O piuttosto rischia di mettere in ombra la cultura del lavoro e il valore dell'imprenditorialità? Se ne parla in questo articolo comparso sul web e scritto da un HR manager. Abbiamo scelto di proporvelo come interessante spunto di riflessione. Attendiamo i vostri pareri e commenti!

In questi mesi abbiamo assistito - se non anche partecipato - alle celebrazioni dello smart working. Volendo essere ancora più precisi, ne abbiamo stabilito una migliore definizione come “lavoro agile”, che ci si è affrettati a distinguere dal “telelavoro” già regolamentato e attuato oltre 20 anni fa.

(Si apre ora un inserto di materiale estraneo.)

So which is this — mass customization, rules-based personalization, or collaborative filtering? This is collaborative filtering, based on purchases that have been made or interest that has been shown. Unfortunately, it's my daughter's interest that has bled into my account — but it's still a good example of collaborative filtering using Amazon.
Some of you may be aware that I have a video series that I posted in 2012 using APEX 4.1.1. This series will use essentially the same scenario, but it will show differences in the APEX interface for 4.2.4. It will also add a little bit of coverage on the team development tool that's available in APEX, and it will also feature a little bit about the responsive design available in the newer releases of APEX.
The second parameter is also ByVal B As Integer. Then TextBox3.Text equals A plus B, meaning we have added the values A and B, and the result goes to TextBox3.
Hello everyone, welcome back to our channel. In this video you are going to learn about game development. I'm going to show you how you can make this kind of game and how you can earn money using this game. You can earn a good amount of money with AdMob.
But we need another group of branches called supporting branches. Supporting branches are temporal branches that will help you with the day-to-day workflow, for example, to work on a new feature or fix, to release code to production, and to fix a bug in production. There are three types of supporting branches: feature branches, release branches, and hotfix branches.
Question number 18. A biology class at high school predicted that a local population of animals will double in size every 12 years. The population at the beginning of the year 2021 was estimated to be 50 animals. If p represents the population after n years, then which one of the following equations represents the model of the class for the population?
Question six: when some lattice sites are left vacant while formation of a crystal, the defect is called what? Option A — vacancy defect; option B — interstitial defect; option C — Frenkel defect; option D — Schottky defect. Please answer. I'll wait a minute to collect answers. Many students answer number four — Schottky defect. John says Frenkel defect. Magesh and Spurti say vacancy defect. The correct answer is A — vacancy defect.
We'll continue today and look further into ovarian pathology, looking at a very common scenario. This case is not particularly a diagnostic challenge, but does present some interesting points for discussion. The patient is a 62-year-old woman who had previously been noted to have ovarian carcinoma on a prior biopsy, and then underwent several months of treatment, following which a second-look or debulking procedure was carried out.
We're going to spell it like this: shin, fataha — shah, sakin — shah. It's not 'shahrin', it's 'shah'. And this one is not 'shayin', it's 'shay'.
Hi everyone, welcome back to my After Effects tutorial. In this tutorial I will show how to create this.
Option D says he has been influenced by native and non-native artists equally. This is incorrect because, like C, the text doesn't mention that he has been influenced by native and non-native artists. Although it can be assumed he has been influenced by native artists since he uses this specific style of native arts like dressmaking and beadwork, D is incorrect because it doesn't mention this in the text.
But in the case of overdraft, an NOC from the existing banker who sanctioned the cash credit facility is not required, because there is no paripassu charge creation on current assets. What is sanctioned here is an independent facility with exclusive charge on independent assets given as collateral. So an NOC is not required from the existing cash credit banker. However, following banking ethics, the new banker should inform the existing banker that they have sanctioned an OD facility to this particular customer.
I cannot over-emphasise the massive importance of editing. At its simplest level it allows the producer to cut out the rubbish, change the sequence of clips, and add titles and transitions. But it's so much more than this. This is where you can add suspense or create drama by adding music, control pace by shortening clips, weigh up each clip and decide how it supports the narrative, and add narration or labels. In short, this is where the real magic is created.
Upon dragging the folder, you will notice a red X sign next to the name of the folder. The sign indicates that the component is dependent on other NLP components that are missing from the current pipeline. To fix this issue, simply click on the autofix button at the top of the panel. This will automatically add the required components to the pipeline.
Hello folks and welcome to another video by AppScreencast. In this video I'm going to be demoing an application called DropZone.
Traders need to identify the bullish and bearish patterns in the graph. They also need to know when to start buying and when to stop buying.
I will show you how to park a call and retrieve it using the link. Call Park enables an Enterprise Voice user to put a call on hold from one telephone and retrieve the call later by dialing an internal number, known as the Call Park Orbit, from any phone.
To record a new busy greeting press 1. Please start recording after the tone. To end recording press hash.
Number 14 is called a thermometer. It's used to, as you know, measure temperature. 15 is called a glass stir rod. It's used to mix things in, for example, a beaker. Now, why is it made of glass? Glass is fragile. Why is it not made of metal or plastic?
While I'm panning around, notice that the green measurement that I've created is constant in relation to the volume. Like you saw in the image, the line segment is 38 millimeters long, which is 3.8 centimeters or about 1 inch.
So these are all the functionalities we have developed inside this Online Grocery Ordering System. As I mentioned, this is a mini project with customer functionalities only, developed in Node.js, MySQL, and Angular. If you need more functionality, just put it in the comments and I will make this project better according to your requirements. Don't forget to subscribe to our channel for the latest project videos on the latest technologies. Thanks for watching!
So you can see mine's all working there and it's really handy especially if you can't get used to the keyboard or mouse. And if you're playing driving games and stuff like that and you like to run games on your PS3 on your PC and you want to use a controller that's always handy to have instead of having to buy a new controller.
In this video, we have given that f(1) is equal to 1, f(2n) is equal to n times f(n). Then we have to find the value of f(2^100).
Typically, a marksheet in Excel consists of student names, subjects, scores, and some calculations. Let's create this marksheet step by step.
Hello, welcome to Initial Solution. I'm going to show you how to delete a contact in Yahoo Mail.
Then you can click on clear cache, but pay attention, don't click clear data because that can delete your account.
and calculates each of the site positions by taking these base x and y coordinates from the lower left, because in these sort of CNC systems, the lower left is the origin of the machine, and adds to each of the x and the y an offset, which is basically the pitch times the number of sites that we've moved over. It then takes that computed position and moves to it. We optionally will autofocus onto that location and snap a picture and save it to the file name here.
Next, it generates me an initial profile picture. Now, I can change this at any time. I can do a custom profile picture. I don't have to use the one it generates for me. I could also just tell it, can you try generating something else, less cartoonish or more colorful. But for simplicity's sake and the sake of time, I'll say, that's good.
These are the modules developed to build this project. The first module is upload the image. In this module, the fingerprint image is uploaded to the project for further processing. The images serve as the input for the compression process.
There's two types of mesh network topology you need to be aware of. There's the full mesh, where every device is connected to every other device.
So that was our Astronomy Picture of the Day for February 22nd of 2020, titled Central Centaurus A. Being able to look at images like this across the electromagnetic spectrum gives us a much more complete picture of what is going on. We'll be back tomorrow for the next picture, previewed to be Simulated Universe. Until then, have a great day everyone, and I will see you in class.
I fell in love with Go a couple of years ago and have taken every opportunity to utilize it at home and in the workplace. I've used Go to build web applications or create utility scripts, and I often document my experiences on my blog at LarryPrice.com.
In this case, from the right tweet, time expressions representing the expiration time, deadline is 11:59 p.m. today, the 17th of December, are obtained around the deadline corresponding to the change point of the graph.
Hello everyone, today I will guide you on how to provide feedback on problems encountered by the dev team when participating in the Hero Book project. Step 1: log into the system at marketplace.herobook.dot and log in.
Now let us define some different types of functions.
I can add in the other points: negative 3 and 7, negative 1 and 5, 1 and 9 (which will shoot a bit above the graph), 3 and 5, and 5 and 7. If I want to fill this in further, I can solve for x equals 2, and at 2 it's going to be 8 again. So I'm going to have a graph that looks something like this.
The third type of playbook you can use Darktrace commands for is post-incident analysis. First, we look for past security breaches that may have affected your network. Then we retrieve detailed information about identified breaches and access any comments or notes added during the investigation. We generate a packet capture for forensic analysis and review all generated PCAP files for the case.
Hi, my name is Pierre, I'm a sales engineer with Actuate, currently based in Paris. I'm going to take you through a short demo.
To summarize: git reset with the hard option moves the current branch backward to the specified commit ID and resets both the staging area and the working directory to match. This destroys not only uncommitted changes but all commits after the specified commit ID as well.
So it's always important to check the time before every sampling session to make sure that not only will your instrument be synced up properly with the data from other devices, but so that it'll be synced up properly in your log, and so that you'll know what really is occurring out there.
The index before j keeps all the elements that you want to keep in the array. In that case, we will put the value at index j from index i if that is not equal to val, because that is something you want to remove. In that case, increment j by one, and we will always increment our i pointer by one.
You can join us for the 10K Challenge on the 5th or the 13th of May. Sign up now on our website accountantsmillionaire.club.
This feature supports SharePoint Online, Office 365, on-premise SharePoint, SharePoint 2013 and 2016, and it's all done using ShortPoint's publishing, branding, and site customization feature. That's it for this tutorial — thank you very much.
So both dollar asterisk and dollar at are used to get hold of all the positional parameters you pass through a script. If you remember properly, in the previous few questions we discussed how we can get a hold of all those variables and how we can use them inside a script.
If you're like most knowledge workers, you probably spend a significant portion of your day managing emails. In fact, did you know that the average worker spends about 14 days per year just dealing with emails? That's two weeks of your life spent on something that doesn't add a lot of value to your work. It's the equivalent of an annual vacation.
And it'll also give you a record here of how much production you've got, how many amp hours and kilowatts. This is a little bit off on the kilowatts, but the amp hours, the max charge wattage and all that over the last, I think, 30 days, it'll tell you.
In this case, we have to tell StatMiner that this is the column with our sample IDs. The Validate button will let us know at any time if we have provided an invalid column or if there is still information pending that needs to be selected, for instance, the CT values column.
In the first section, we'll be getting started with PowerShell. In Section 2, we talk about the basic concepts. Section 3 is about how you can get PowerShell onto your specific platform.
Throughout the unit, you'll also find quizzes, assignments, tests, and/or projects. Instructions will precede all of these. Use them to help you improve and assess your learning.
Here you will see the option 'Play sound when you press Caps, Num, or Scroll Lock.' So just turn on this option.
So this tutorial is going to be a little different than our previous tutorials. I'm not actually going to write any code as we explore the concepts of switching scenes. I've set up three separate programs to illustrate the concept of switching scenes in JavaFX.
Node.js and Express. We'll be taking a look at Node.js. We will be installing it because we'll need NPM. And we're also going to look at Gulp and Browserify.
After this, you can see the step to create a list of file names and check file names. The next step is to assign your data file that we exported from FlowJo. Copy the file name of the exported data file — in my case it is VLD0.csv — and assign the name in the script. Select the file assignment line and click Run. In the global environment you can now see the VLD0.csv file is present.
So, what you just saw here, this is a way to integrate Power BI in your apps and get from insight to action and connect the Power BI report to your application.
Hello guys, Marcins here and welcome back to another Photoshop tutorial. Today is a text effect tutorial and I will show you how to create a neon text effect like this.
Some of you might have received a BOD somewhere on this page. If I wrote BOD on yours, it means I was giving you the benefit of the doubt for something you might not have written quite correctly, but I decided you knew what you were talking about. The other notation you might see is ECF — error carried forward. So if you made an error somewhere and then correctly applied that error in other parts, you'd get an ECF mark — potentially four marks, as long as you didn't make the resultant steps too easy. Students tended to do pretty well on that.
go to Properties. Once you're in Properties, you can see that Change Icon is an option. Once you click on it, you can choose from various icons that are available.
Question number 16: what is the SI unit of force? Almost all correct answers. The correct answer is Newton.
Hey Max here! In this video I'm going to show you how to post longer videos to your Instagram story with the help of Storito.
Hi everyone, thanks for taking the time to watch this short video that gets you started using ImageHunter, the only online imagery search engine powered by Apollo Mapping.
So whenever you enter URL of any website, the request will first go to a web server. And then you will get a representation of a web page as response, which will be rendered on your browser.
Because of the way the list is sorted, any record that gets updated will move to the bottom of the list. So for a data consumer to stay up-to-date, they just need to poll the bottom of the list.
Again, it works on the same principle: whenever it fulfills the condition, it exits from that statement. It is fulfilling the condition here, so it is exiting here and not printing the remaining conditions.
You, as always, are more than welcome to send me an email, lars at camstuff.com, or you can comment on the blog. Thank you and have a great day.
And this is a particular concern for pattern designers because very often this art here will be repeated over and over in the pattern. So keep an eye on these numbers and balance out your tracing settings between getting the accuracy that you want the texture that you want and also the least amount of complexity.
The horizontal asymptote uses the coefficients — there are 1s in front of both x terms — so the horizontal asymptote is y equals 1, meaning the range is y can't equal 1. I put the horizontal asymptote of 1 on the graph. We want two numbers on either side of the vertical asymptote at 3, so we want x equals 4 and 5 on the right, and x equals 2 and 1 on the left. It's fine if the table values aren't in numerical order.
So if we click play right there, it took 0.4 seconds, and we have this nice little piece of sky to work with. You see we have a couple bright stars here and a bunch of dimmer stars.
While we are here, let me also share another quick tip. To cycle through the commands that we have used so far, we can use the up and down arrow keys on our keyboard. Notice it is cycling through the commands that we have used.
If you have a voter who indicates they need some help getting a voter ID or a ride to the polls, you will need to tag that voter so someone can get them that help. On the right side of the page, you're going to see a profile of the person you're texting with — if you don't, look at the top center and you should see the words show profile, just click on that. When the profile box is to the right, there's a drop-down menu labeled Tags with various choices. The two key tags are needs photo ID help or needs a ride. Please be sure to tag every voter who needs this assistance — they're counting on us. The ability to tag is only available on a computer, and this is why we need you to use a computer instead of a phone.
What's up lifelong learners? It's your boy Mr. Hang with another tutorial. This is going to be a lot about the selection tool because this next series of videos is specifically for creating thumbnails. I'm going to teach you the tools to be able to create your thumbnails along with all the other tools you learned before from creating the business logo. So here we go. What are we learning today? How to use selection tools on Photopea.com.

Telelavoro e lavoro agile, due formule simili

Questa distinzione – per quanto corretta – in realtà appare talvolta più “vaporosa” che concreta: infatti il telelavoro prevede lo svolgimento della prestazione lavorativa dal domicilio del lavoratore con orari concordati e giornate prestabilite, utilizzando apparecchiature fornite dall’azienda.

Per quanto invece riguarda il lavoro agile (o smart working) ci si riferisce ad una prestazione svolta parzialmente in azienda e parzialmente altrove (non necessariamente il domicilio del lavoratore), con apparecchiature fornite dall’azienda e abitualmente senza un orario predefinito.

Le differenze fino a questo punto sembrano quindi davvero molto sottili.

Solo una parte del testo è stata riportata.